Taking the malicious infrastructure down, does not however clean up the infected hosts -- as security analysts we should leverage this "dropped fruit" to notify customers of these infections. As an organization you should still care about these infections regardless if the C&C is down: infected hosts may have backdoors open on the system, may have security controls disabled (such as A/V or Windows Update), may be conducting malicious functionality from previous commands received (scan and sploit, spamming, DDoS, open proxy/relay), may have other malware installed as part of the botnet (rented/sold botnets), and/or may be communicating with another piece of the control infrastructure that is still live.  The non-botnet transactions in this approach also have their merits - such as uncovering misconfigurations / type-o's.

There are numerous other low hanging fruit approaches that I didn't cover here - but many of these other approaches stem around the concept of building known sets (sets of known IPs/netblocks, domains, or URLs) of interest.  Along the same lines of this "Dropped Fruit" approach, other things to consider are:

  • Transactions to sinkholes.  These can be uncovered from doing domain analysis, but there is also plenty of information that can be pulled from the web (I'm not going to list them here so as to draw attention to any security researcher sinkholes, but Google is your friend)
  • Transactions to parked IPs or pages. For example, transactions to a suspended or delisted GoDaddy/HostGator site will resolve to or redirect you to specific pages.  Also, dynamic DNS providers (such as DynDNS and No-IP) will resolve unregistered sub-domains to specific IPs. Also, parked domains may resolve to RFC1918 or bogon address space.

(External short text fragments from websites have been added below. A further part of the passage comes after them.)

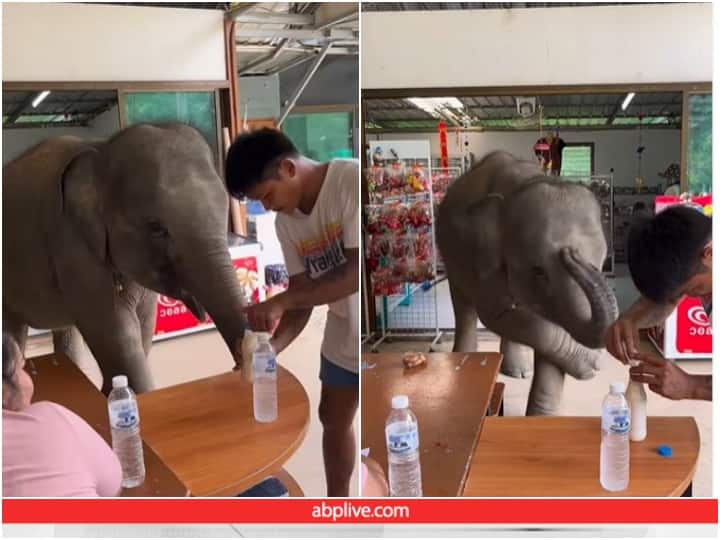 Video: केयरटेकर से दूध के लिए क्यूट अंदाज में जिद कर रहा हाथी का बच्चा, दिल जीत लेगा वीडियो baby elephant asking its caretaker for milk has gone viral online Video: केयरटेकर से दूध के लिए क्यूट अंदाज में जिद कर रहा हाथी का बच्चा, दिल जीत लेगा वीडियो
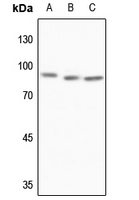 1 - Anti-MTA1 Antibody AP60489
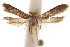  (Hypatopa manus - CCDB-29479-A04)  @13 [ ] CreativeCommons - Attribution (2018) CBG Photography Group Centre for Biodiversity Genomics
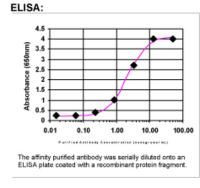 Beta 2 Adaptin Antibody in ELISA (ELISA)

Here is a small snipped of my "dropped fruit" log analysis output (redacting client IPs or anything customer specific):


The number on the left is the count of the unique client IP / URL pair (the client IP has been blacked out), and the number in the last column is the server response.  Those servers that did not respond either because the domain no longer resolved or it was no longer acting as a web server had a response code of "000."  You can see a number of Conficker, Zeus, and TDSS transactions in the log snippet above.  

Be sure to look out for the "dropped fruit" in your environment.